Recall that the trajectory distribution is

\[p_{\theta}(\tau) =p\left(\mathbf{s}_{1}\right) \prod_{t=1}^{T} \pi_{\theta}\left(\mathbf{a}_{t} \mid \mathbf{s}_{t}\right) p\left(\mathbf{s}_{t+1} \mid \mathbf{s}_{t}, \mathbf{a}_{t}\right),\]
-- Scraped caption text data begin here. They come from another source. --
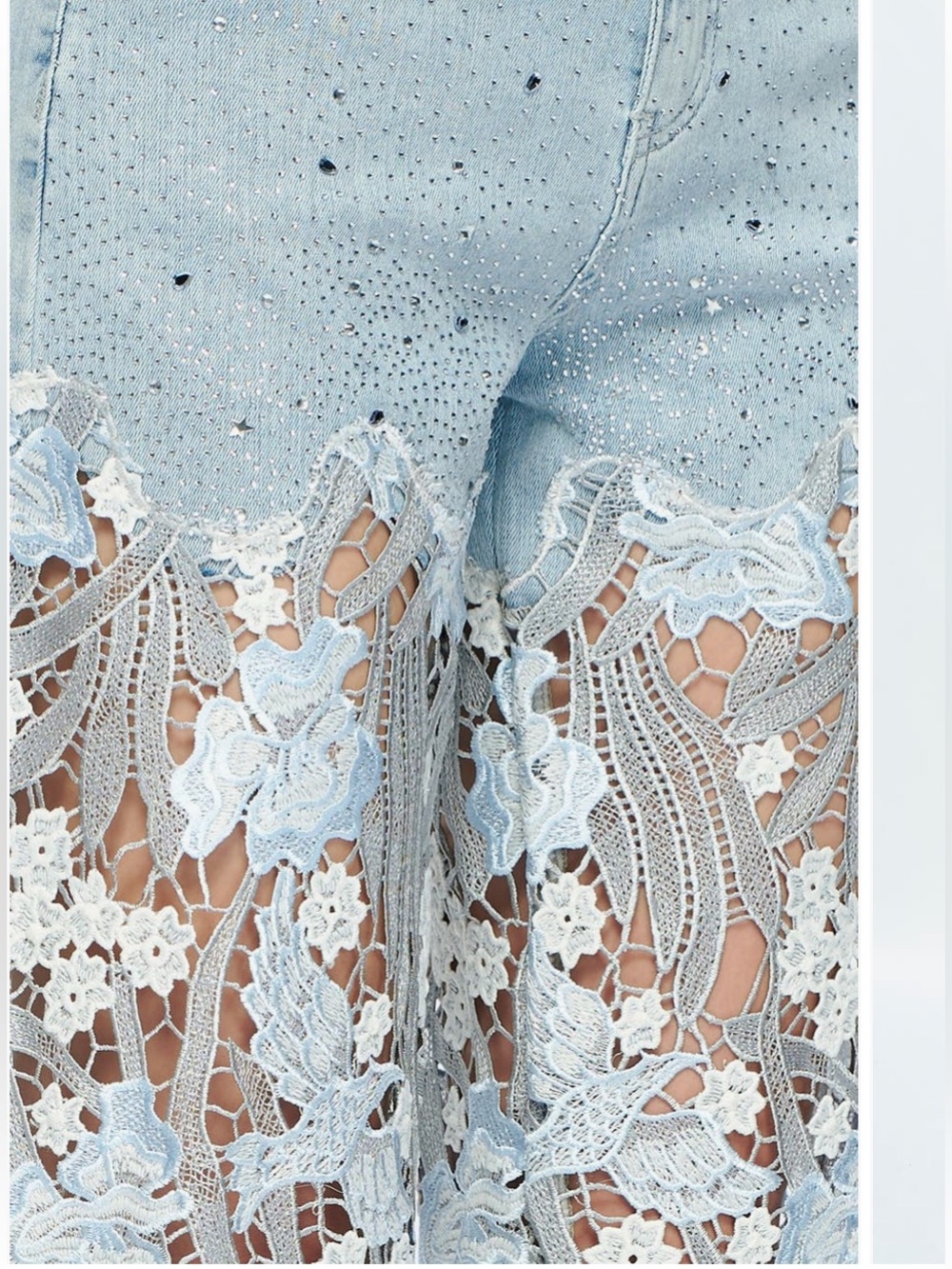 Bayeas Light Blue Lace-Panel Wide Leg Jeans size 26 - Picture 6 of 12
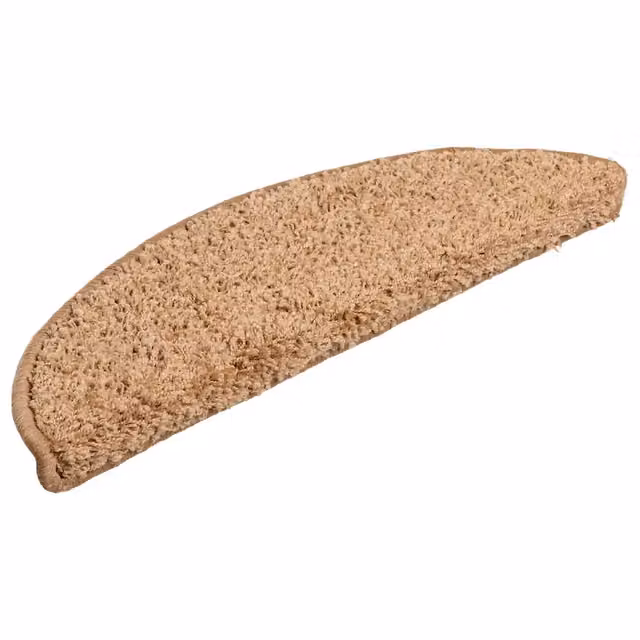 Set di 30 tappetini per scale semicircolari DESIGN IN beige, antiscivolo e fonoassorbenti, L: 56 cm, P: 17 cm, H: 3 cm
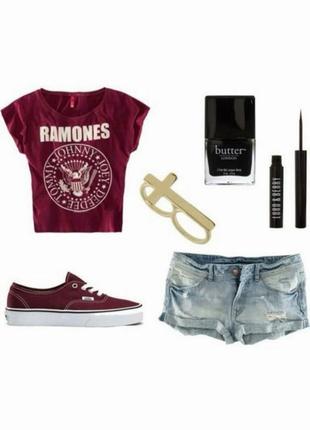Новая натуральная оверсайз футболка burgundy ramones oversized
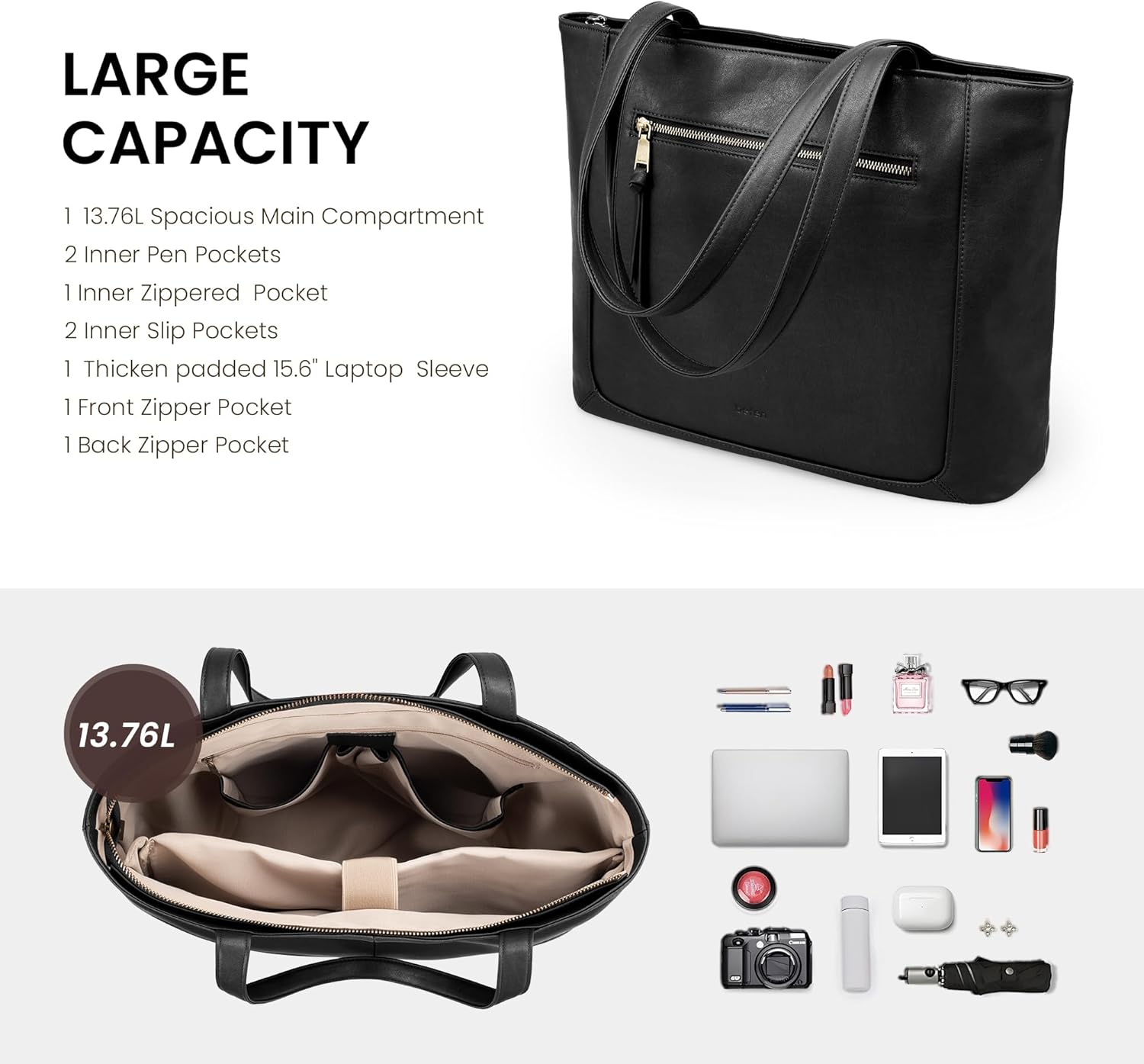 befen Genuine Leather Tote Bag for Women, Work Purse with Zipper and 15.6" Compartment - Image 4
and if we take the logarithm of both sides, we will get

\[\log p_{\theta}(\tau)=\log p\left(\mathbf{s}_{1}\right)+\sum_{t=1}^{T} \log \pi_{\theta}\left(\mathbf{a}_{t} \mid \mathbf{s}_{t}\right)+\log p\left(\mathbf{s}_{t+1} \mid \mathbf{s}_{t}, \mathbf{a}_{t}\right).\]

We proceed to substitute the right hand side of this equation for $\log p_{\theta}(\tau)$ inside the expectation.

\[\begin{aligned} \nabla_{\theta} J(\theta) & =E_{\tau \sim p_{\theta}(\tau)}\left[\nabla_{\theta} \log p_{\theta}(\tau) r(\tau)\right] \\ & = E_{\tau \sim p_{\theta}(\tau)}\left[\nabla_{\theta} \left[ \log p\left(\mathbf{s}_{1}\right)+\sum_{t=1}^{T} \log \pi_{\theta}\left(\mathbf{a}_{t} \mid \mathbf{s}_{t}\right)+\log p\left(\mathbf{s}_{t+1} \mid \mathbf{s}_{t}, \mathbf{a}_{t}\right)\right] r(\tau)\right] \end{aligned}\]

Both $\log p\left(\mathbf{s}_{1}\right)$ and $\log p\left(\mathbf{s}_{t+1} \mid \mathbf{s}_{t}, \mathbf{a}_{t}\right)$ do not depend on $\theta$, so we cancel them out and simplify it to

\[\nabla_{\theta} J(\theta) = E_{\tau \sim p_{\theta}(\tau)}\left[\left(\sum_{t=1}^{T} \nabla_{\theta} \log \pi_{\theta}\left(\mathbf{a}_{t} \mid \mathbf{s}_{t}\right)\right)\left(\sum_{t=1}^{T} r\left(\mathbf{s}_{t}, \mathbf{a}_{t}\right)\right)\right].\]

This is the full derivation of policy gradient.


[1] CS 285 Deep Reinforcement Learning by Professor Sergey Levine on YouTube.